START THE DATA

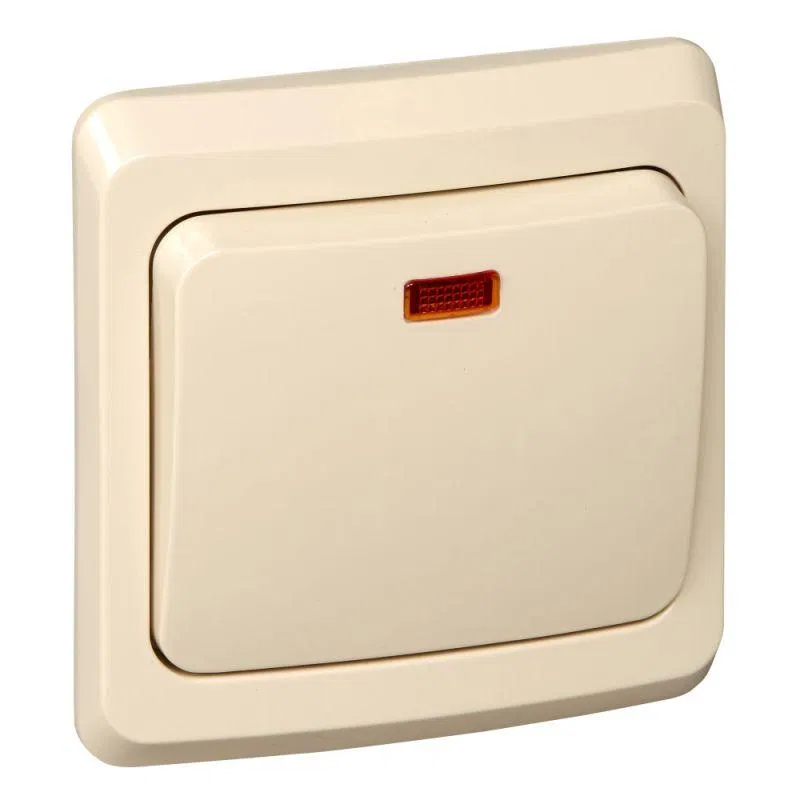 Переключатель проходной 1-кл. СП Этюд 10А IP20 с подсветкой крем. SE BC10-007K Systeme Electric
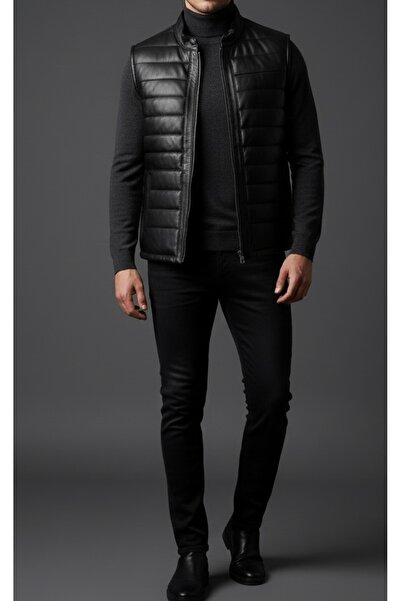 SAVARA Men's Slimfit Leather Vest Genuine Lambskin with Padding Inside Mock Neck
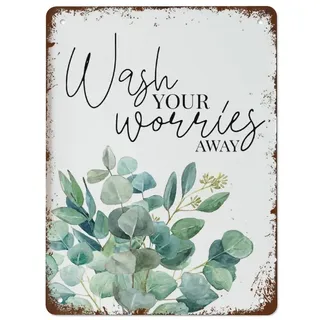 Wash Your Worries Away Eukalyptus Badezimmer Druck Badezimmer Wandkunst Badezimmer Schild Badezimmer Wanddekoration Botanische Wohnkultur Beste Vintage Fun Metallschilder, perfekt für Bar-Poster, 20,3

END THE DATA

§ TASK REQUIREMENTS
Exclude every picture and restate the listing word for word.

§ TASK ANSWER
 Переключатель проходной 1-кл. СП Этюд 10А IP20 с подсветкой крем. SE BC10-007K Systeme Electric
 SAVARA Men's Slimfit Leather Vest Genuine Lambskin with Padding Inside Mock Neck
 Wash Your Worries Away Eukalyptus Badezimmer Druck Badezimmer Wandkunst Badezimmer Schild Badezimmer Wanddekoration Botanische Wohnkultur Beste Vintage Fun Metallschilder, perfekt für Bar-Poster, 20,3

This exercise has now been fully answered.